- **Brief descriptive captions**:
Start of Block
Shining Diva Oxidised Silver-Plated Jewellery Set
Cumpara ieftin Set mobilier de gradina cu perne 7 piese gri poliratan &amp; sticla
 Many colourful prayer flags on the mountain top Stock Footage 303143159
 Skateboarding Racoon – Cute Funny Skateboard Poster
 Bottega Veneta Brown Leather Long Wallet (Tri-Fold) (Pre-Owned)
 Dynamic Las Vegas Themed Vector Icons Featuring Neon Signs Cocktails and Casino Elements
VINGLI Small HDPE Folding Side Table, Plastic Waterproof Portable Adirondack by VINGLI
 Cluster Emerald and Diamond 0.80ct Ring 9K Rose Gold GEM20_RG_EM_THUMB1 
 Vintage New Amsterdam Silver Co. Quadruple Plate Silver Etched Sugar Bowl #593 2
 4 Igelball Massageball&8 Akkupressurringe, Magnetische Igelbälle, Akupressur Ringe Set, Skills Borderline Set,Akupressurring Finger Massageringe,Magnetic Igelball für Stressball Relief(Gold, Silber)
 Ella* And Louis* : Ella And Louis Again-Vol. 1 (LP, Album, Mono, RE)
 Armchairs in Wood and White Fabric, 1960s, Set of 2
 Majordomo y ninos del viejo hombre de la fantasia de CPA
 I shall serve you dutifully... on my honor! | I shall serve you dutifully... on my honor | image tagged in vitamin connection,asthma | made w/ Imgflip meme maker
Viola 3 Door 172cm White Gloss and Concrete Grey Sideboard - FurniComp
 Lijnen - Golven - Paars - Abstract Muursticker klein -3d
End of Block
- **YOUR TASK**:
Write down exactly the line with "Majordomo y ninos", then each line after it through the end of the data.

- **SOLVED EXERCISE**:
 Majordomo y ninos del viejo hombre de la fantasia de CPA
 I shall serve you dutifully... on my honor! | I shall serve you dutifully... on my honor | image tagged in vitamin connection,asthma | made w/ Imgflip meme maker
Viola 3 Door 172cm White Gloss and Concrete Grey Sideboard - FurniComp
 Lijnen - Golven - Paars - Abstract Muursticker klein -3d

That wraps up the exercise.